Please take the lines from the one holding "Đặt tượng Phật" through the one holding "Holly Willoughby Stuns" in the data below and copy them exactly.

Supplied data:
:::::

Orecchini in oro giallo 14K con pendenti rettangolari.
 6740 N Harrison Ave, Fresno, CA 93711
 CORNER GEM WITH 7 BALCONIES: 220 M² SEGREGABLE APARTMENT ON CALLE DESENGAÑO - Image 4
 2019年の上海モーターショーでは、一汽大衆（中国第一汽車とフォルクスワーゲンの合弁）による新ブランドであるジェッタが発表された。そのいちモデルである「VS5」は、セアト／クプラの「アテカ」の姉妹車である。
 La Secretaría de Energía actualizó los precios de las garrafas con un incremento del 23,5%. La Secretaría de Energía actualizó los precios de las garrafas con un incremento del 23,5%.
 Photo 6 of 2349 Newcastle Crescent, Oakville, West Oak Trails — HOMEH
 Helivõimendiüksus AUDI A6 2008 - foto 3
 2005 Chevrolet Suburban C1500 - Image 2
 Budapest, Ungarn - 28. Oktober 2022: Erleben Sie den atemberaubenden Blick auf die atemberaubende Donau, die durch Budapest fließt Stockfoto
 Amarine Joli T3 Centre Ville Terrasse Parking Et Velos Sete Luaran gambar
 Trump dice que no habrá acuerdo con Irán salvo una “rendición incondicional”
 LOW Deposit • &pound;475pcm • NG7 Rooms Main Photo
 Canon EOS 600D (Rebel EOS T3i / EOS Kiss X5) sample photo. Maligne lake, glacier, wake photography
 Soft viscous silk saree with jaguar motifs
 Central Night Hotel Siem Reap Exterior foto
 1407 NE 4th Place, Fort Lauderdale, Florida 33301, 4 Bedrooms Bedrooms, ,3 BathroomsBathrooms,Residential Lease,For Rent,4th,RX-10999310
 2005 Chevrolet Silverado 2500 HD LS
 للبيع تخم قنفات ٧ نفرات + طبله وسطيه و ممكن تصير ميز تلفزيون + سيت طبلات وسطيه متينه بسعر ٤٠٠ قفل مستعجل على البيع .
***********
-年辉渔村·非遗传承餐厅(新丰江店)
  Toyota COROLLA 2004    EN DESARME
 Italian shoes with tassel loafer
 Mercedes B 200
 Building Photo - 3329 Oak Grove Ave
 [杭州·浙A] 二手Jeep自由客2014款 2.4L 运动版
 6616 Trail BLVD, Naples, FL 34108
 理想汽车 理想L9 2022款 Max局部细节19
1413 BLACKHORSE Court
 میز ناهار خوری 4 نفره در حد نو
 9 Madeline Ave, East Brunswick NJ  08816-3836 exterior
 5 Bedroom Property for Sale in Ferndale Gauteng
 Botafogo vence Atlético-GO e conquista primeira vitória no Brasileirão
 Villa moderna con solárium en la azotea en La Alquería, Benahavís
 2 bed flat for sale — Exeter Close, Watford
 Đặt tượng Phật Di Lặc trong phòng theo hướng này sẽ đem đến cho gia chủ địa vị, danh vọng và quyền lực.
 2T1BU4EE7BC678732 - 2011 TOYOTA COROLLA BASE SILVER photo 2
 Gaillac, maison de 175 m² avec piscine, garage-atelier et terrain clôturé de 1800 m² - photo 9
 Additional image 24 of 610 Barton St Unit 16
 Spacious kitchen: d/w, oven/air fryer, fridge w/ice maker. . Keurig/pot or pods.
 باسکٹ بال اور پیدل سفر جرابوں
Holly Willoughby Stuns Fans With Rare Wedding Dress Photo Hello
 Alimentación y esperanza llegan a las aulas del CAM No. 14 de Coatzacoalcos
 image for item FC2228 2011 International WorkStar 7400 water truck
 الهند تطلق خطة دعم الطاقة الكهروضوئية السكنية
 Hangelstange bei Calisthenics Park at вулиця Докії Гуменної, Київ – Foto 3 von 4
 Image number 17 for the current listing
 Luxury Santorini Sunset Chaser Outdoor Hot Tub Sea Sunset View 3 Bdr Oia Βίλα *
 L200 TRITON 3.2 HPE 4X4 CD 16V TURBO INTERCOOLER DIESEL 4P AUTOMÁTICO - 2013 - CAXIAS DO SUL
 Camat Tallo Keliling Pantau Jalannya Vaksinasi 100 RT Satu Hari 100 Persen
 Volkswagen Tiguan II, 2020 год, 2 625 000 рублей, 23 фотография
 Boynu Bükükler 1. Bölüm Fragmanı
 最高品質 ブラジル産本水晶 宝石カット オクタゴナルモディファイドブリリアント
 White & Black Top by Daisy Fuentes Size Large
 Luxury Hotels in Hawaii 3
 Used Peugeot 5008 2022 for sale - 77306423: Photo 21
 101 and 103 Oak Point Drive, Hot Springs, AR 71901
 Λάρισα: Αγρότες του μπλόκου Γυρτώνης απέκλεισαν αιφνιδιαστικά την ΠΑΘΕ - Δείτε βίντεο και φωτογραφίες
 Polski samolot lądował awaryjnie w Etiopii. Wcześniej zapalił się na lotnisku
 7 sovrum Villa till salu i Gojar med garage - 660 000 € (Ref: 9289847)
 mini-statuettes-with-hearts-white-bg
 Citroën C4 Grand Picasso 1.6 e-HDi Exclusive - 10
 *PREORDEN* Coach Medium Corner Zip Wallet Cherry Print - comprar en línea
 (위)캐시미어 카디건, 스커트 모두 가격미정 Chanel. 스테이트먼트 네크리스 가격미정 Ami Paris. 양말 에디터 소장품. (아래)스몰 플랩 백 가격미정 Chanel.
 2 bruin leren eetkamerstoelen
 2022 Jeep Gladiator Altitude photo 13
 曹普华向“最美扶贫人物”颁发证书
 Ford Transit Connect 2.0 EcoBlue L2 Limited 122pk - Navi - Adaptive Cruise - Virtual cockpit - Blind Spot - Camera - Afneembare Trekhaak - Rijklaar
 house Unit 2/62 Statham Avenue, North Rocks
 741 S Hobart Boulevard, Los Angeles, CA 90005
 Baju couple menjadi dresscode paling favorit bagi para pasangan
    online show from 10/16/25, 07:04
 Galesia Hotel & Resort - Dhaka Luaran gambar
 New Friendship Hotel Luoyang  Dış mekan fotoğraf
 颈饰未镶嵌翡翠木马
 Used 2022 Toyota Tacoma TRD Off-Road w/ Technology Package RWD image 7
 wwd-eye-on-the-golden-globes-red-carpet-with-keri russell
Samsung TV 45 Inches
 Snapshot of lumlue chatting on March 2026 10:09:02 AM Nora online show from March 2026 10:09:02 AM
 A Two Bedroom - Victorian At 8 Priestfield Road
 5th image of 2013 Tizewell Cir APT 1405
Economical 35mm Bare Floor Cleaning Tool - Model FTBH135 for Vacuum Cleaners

:::::

Written response:
 Đặt tượng Phật Di Lặc trong phòng theo hướng này sẽ đem đến cho gia chủ địa vị, danh vọng và quyền lực.
 2T1BU4EE7BC678732 - 2011 TOYOTA COROLLA BASE SILVER photo 2
 Gaillac, maison de 175 m² avec piscine, garage-atelier et terrain clôturé de 1800 m² - photo 9
 Additional image 24 of 610 Barton St Unit 16
 Spacious kitchen: d/w, oven/air fryer, fridge w/ice maker. . Keurig/pot or pods.
 باسکٹ بال اور پیدل سفر جرابوں
Holly Willoughby Stuns Fans With Rare Wedding Dress Photo Hello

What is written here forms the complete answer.